(Stored items)

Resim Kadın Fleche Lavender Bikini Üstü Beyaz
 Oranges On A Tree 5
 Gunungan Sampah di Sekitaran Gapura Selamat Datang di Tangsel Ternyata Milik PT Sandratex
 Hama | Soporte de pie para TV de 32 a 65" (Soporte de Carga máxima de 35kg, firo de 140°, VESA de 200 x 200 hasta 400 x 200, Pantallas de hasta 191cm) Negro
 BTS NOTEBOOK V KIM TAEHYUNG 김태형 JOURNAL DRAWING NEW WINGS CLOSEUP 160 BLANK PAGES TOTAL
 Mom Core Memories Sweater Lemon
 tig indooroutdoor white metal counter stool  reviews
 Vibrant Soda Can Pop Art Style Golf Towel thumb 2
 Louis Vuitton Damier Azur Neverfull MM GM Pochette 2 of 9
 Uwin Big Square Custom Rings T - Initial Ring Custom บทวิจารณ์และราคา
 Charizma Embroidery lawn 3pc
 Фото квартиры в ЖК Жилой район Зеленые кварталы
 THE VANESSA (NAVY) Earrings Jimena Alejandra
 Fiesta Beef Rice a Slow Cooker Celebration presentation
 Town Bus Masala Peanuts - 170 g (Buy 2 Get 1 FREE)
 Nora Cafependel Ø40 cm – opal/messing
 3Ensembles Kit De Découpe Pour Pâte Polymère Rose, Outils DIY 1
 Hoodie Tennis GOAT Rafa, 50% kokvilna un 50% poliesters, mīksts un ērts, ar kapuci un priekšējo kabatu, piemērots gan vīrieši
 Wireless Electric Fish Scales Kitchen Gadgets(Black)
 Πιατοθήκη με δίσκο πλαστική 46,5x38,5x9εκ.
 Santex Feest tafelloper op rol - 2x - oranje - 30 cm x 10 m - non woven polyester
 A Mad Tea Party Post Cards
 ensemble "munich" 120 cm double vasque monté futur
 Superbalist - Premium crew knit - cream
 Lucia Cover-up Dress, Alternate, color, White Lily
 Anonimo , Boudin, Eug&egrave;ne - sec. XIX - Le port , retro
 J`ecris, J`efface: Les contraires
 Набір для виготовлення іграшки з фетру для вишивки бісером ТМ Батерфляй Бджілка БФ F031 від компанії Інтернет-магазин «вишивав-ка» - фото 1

- [REQUIRED WORK] Could you print all of the data above once more, unaltered?

- [EXPECTED ANSWER]
Resim Kadın Fleche Lavender Bikini Üstü Beyaz
 Oranges On A Tree 5
 Gunungan Sampah di Sekitaran Gapura Selamat Datang di Tangsel Ternyata Milik PT Sandratex
 Hama | Soporte de pie para TV de 32 a 65" (Soporte de Carga máxima de 35kg, firo de 140°, VESA de 200 x 200 hasta 400 x 200, Pantallas de hasta 191cm) Negro
 BTS NOTEBOOK V KIM TAEHYUNG 김태형 JOURNAL DRAWING NEW WINGS CLOSEUP 160 BLANK PAGES TOTAL
 Mom Core Memories Sweater Lemon
 tig indooroutdoor white metal counter stool  reviews
 Vibrant Soda Can Pop Art Style Golf Towel thumb 2
 Louis Vuitton Damier Azur Neverfull MM GM Pochette 2 of 9
 Uwin Big Square Custom Rings T - Initial Ring Custom บทวิจารณ์และราคา
 Charizma Embroidery lawn 3pc
 Фото квартиры в ЖК Жилой район Зеленые кварталы
 THE VANESSA (NAVY) Earrings Jimena Alejandra
 Fiesta Beef Rice a Slow Cooker Celebration presentation
 Town Bus Masala Peanuts - 170 g (Buy 2 Get 1 FREE)
 Nora Cafependel Ø40 cm – opal/messing
 3Ensembles Kit De Découpe Pour Pâte Polymère Rose, Outils DIY 1
 Hoodie Tennis GOAT Rafa, 50% kokvilna un 50% poliesters, mīksts un ērts, ar kapuci un priekšējo kabatu, piemērots gan vīrieši
 Wireless Electric Fish Scales Kitchen Gadgets(Black)
 Πιατοθήκη με δίσκο πλαστική 46,5x38,5x9εκ.
 Santex Feest tafelloper op rol - 2x - oranje - 30 cm x 10 m - non woven polyester
 A Mad Tea Party Post Cards
 ensemble "munich" 120 cm double vasque monté futur
 Superbalist - Premium crew knit - cream
 Lucia Cover-up Dress, Alternate, color, White Lily
 Anonimo , Boudin, Eug&egrave;ne - sec. XIX - Le port , retro
 J`ecris, J`efface: Les contraires
 Набір для виготовлення іграшки з фетру для вишивки бісером ТМ Батерфляй Бджілка БФ F031 від компанії Інтернет-магазин «вишивав-ка» - фото 1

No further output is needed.